> Description of the task: Where the line containing "Milwaukee Weather Outdoor" appears, start repeating, and continue exactly through the last line below, adding nothing. Include no pictures.

START Source data

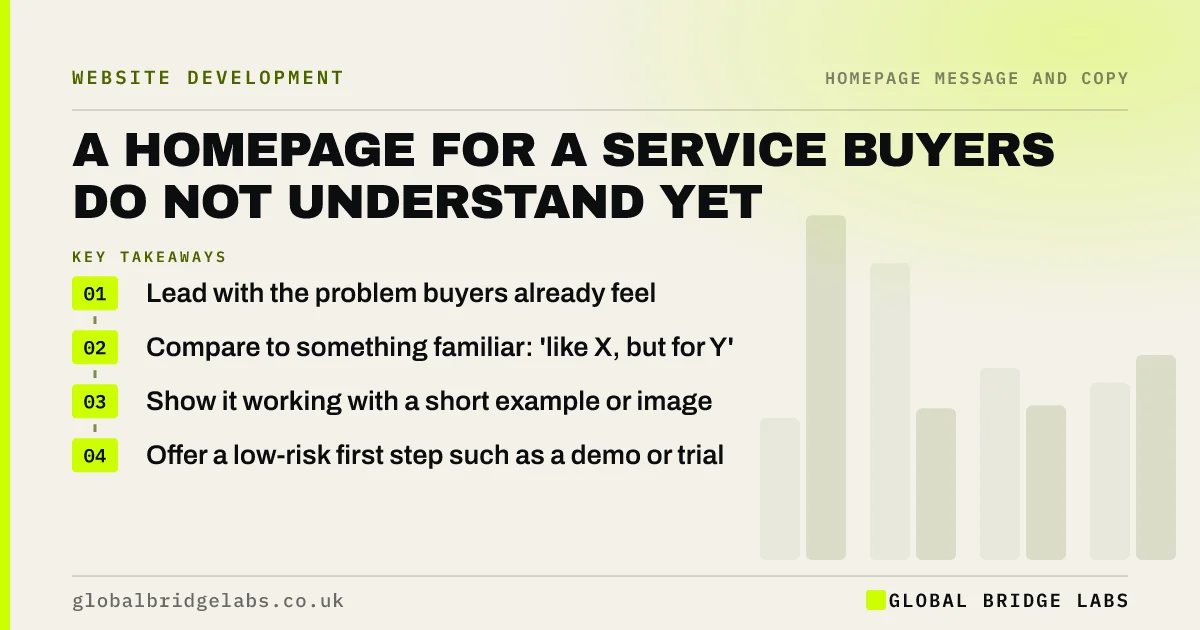 Explain a new service on your website: key takeaways infographic by Global Bridge Labs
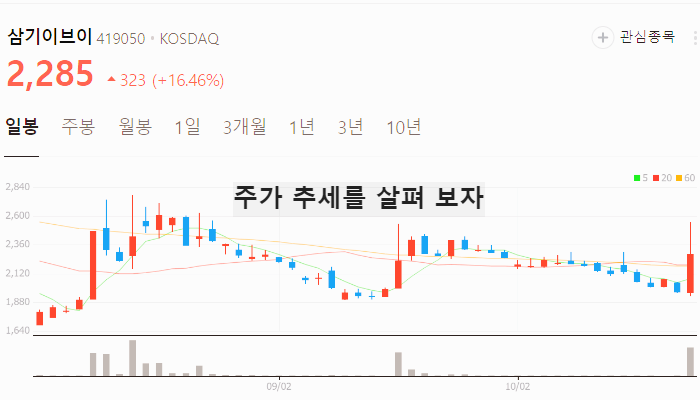 전기차 배터리 관련주 대장주 테마주 TOP5
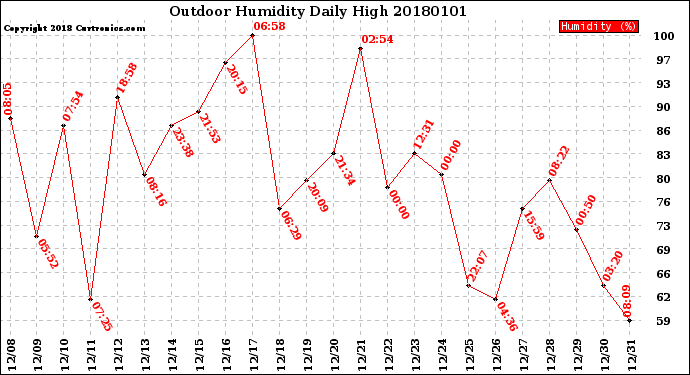Milwaukee Weather Outdoor Humidity<br>Daily High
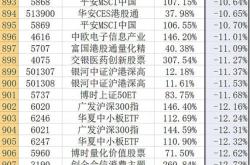 证券基金的策略有哪些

END Source data

> Answer to the problem:
Milwaukee Weather Outdoor Humidity<br>Daily High
 证券基金的策略有哪些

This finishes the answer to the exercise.